The Login Lockdown & Protection plugin for WordPress contains an IP block bypass vulnerability in all versions up to 2.14. The flaw originates from the $unblock_key token being insufficiently random, enabling an unauthenticated attacker who knows a legitimate administrative email address to compute a valid unblock key for any IP. By issuing such a key, the attacker can prevent the plugin from blocking the IP after excessive failed login attempts, effectively circumventing the brute‑force mitigation.
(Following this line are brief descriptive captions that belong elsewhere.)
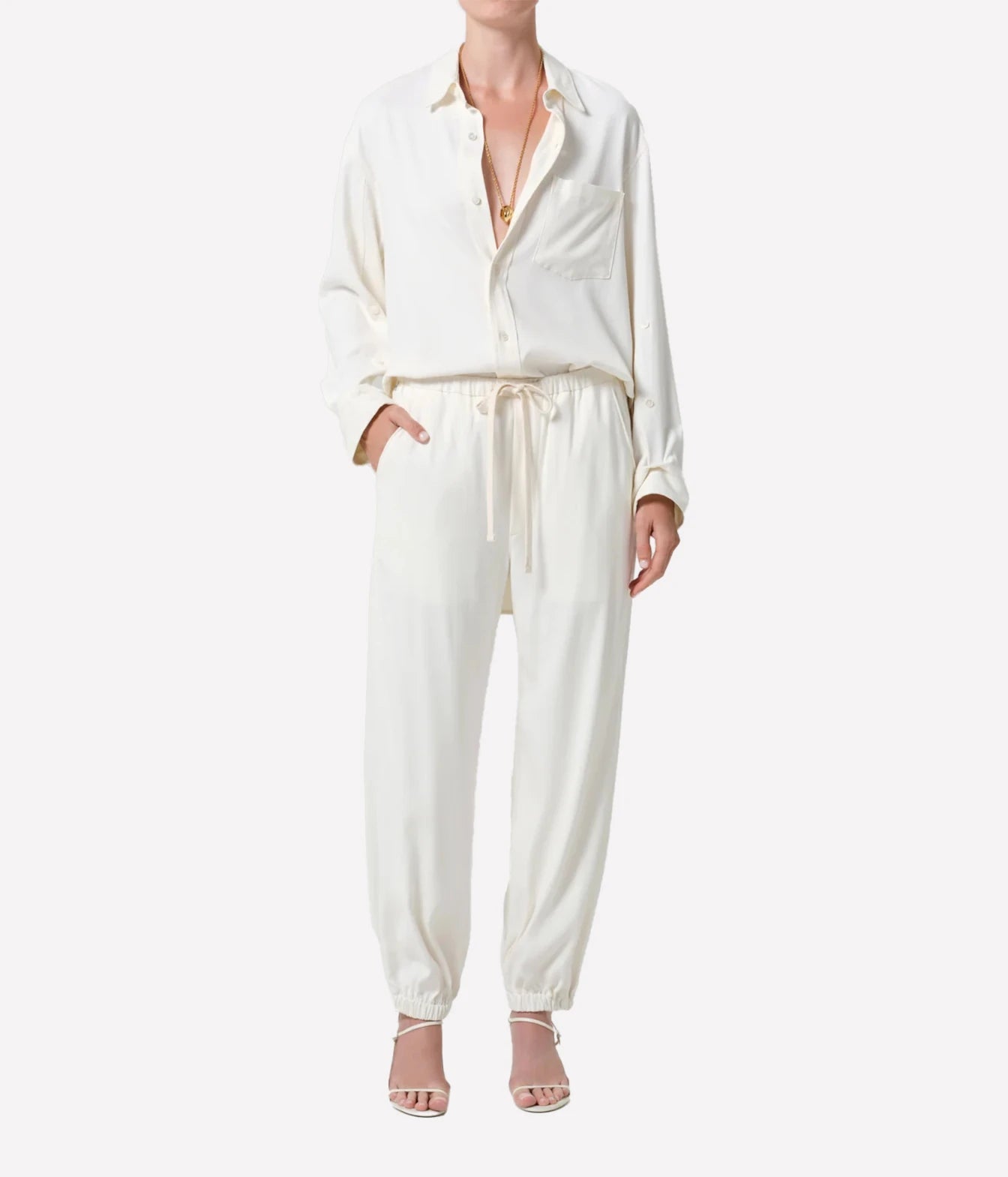A model wearing a cream-colored two-piece set consisting of a long-sleeve button-up shirt and matching drawstring trousers, paired with nude high-heeled sandals against a plain white background.
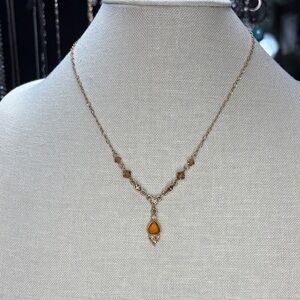 Elegant Gold Tone Necklace with Amber Pendant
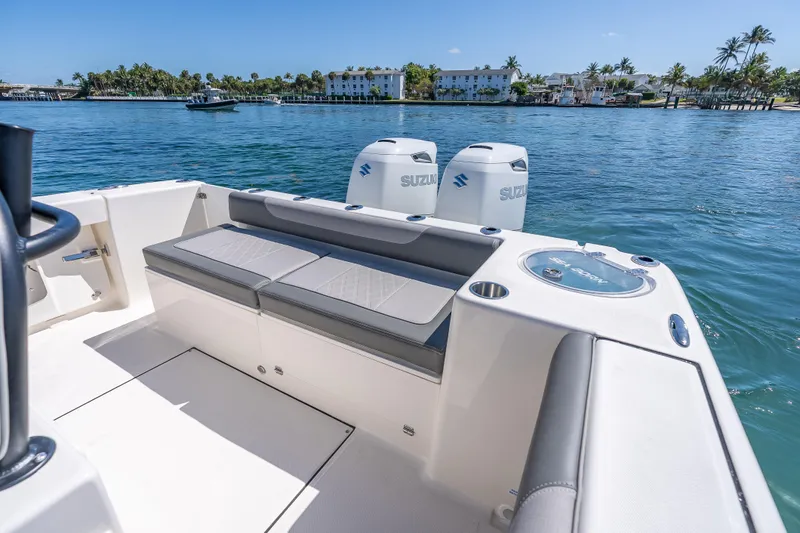 Slide: The Image of 2026 Sea Born LX27 Center Console boat with Suzuki engines on a sunny day. - 31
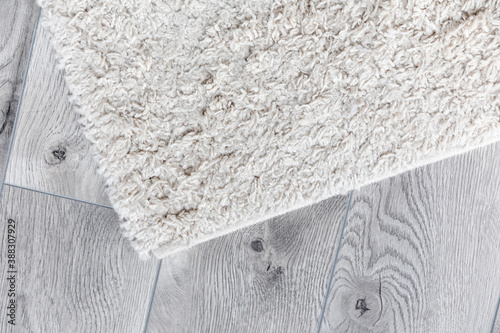 white home carpet on parquet floor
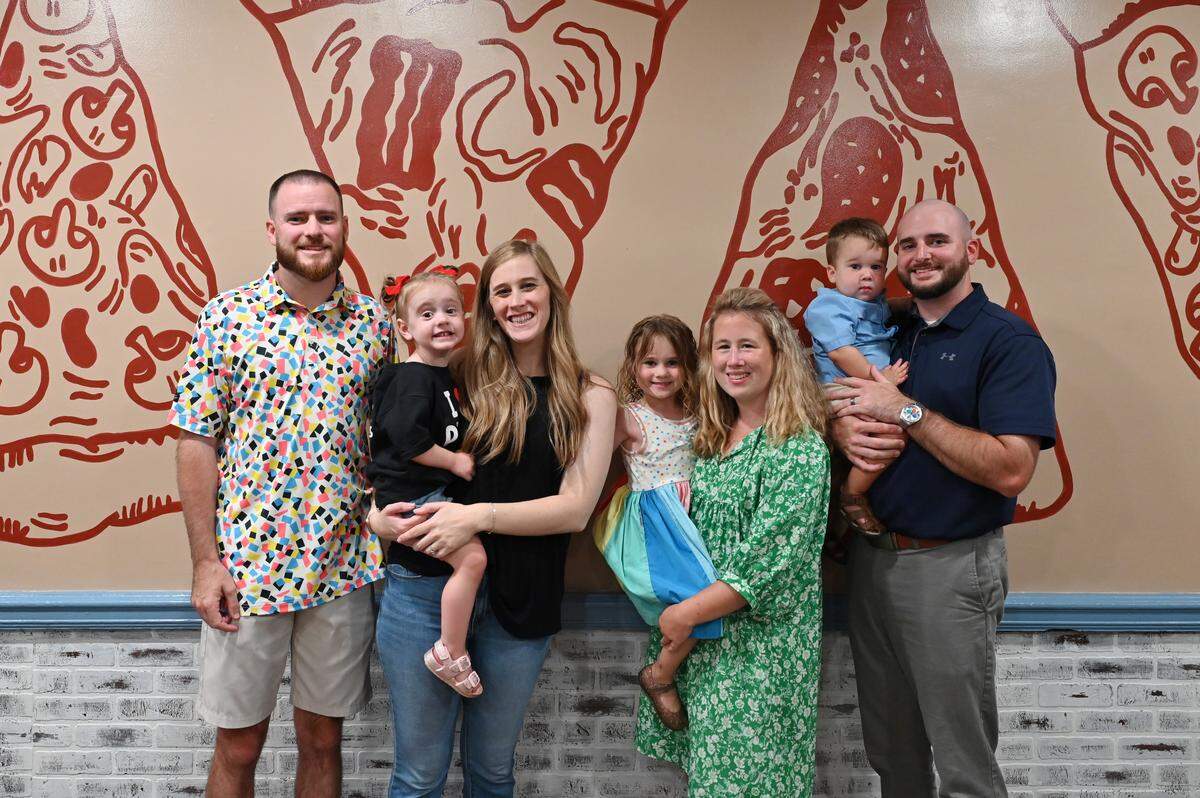 The Klines at their Warner Robins restaurant, My Father’s Place. From left to right Jacob and Hope Kline, with their daughter, Nora, and Jamie and Jonathan Kline, with their daughter, Lakelyn, and son, Beckham.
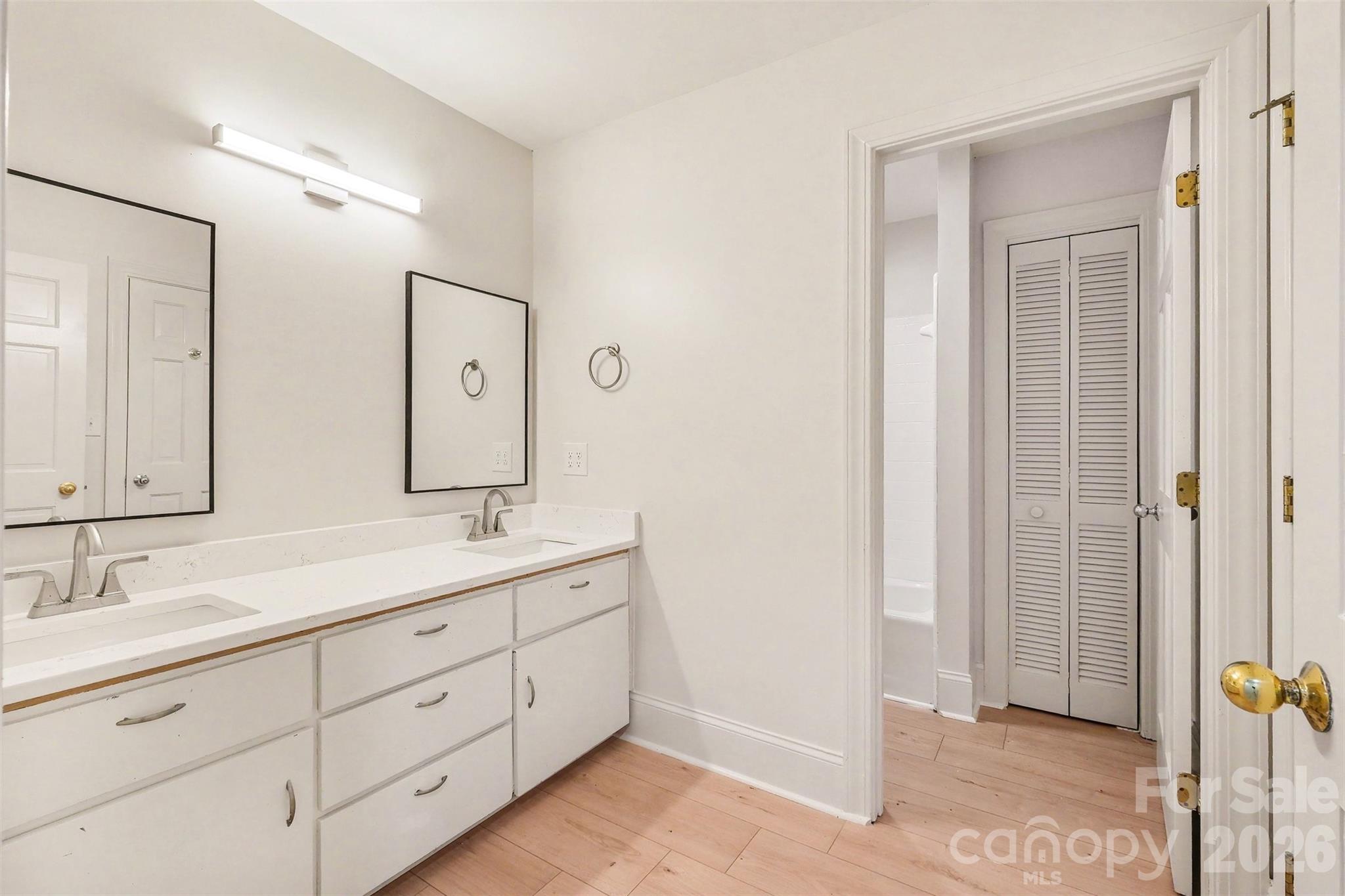 Your new guest bathroom on the upper level with a new double-vanity ... - 5042 Marci Lane, Belmont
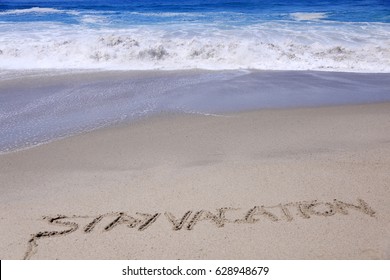 Words Vacation And Staycation Or Stay Vacation Written In Sand On The Beach With Ocean Tide And Waves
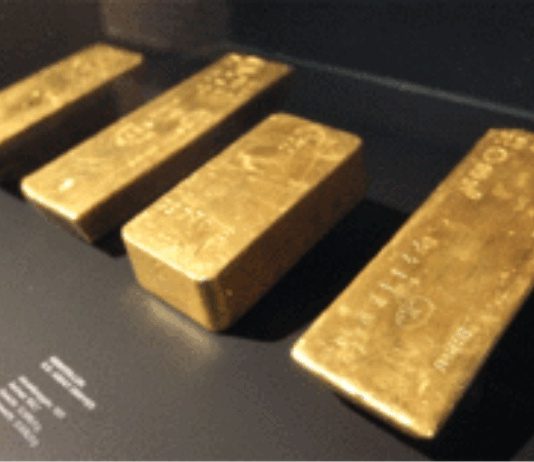 Gold prices subdued as dollar extends rally
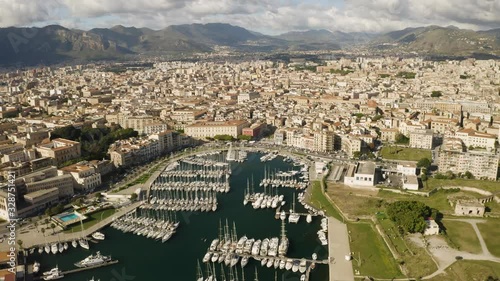 Flight over the harbour of Palermo early sunny morning. Busy traffic on the waterfront. Two kayaks floating among yachts. Sicily, Italy. May 2019. Aerial shot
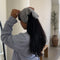 model wearing light grey bandana in their hair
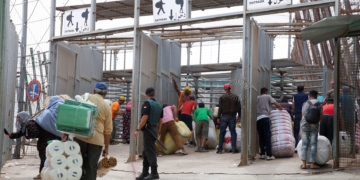 GRAF1091. MELILLA, 12/09/2018.- Varias personas en la frontera de Barrio Chino, en Melilla, que dedica la mitad del día a los porteadores y es la que más aumentó su tráfico el año pasado, al ser utilizada por 1.563.568 en ambos sentidos, un 11,56 % más que en 2016, lo que da una idea del auge del comercio atípico en los últimos tiempos en Melilla. Melilla, que tiene cuatro pasos fronterizos con Marruecos por los que cruzan cada año en ambos sentidos más de 20 millones de personas y casi cinco millones de vehículos, está en vilo por el futuro de su aduana comercial, cerrada desde hace 43 días por decisión unilateral del país vecino. EFE/ F.G. Guerrero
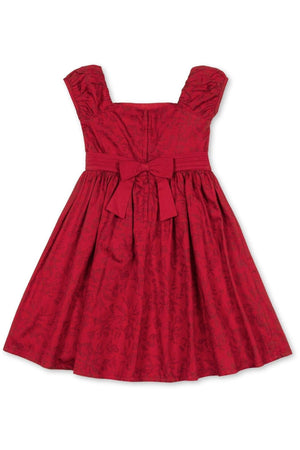 A vibrant fireside red toile dress features delicate puff sleeves and a tailored bodice. Designed for girls, it includes a coordinating waist sash with a bow, crafted from organic cotton.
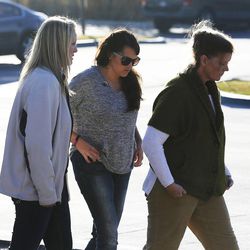 Amy Fugal, middle, is accompanied as she visits the scene where a body was found in the Jordan River at 3300 South in Salt Lake City, Monday, Dec. 1, 2014. Fugal is a cousin of missing Murray woman Kayelyn Louder.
The immediate effect is that blocks intended to limit attackers are rendered ineffective, which can prolong brute‑force attacks or allow continued access attempts despite blocking logic.

Vulnerable versions include every released build of the Login Lockdown & Protection plugin through version 2.14. The plugin is developed by webfactory and distributed as a WordPress plugin. End‑users running the affected plugin version on their WordPress installation are at risk. No additional operating system or database versions are specified; the issue is confined to the WordPress plugin code itself.

The CVSS score of 5.3 indicates medium severity, and the EPSS score of less than 1% suggests a low probability of exploitation. The vulnerability is not listed in CISA's KEV catalog. Attackers must first obtain an administrative user email address, which is typically available via publicly exposed email accounts or through other social engineering. Once an email is known, the attacker can compute an unblock key and supply it to the plugin, bypassing the IP block. No local privileges or authentication are required, and the impact is limited to disabling IP‑based blocking rather than enabling further code execution.